Background and Purpose: The relevance of mitochondria in the generation of oxidative stress is well established. In this respect the mitochondrial enzymes monoamine oxidases (MAO) are a relevant source of reactive oxygen species (ROS) and their inhibition has been shown to prevent both reperfusion injury and maladaptive remodeling. However, the mechanisms responsible for the increase in MAO activity in injured cardiomyocytes have not been elucidated. This study aims at characterizing fluidity changes of mitochondrial membranes as a factor modulating MAO activity.

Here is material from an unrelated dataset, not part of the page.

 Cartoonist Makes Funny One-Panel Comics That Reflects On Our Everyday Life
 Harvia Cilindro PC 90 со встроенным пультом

Methods: Membrane fluidity in mitochondria isolated from mouse hearts was evaluated as changes in fluorescence anisotropy of added hematoporphyrin that probes phospholipid heads interacting with protein polar domains. Previous studies have shown that an increase in mitochondrial membrane fluidity (MMF) is associated with abnormalities, such as a decreased respiration and an increased propensity to opening of the permeability transition pore. However, its relationship with mitochondrial ROS generation was never investigated. Mitochondrial integrity and function were assessed by measuring membrane potential with Rhodamine123. The activity of MAO using tyramine as substrate was measured by assessing H2O2 formation.
Results: The addition of the omega3 fatty acid docohexanoic acid (DHA) caused a 60±4% increase in membrane rigidity that was paralleled by a 40±7.8% decrease in MAO activity. The effect of DHA was abrogated by doxorubicin. This cardiotoxic agent promotes oxidative stress by interacting with mitochondria. The anisotropy measurement of its intrinsic fluorescence showed a dose-dependent increase in MMF associated with an increase in MAO activity.

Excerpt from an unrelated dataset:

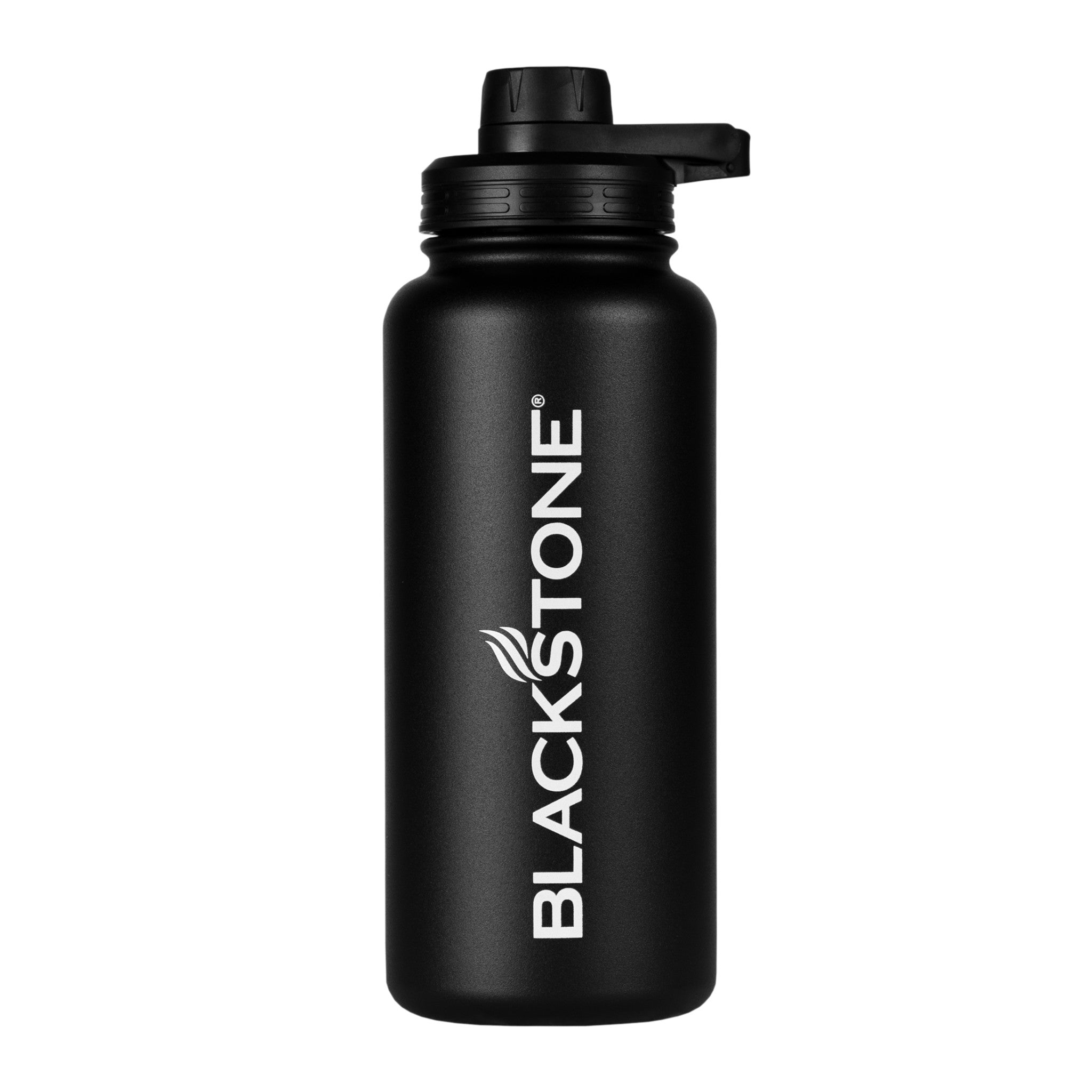 Blackstone Insulated 32oz Bottle Black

The relationship between MMF and MAO activity was supported by measurements in mitochondria isolated from hearts of mice subjected to pathophysiological conditions, such as high fat diet and aging. Eight weeks of high fat diet resulted in a significant increase (25±8.3%) in both MMF and MAO activity. Similar results were obtained by comparing young mice (4 months old (mo.)) with adult (14 mo.) and senescent (24 mo.) littermates. In a time-dependent fashion aging increased MMF and MAO activity.
Conclusions: For the first time evidence is provided of a tight relationship between membrane fluidity of heart mitochondria and the ROS producing activity of MAO. Mitochondrial membrane fluidity is likely to contribute to cardiac oxidative stress by means of MAO modulation.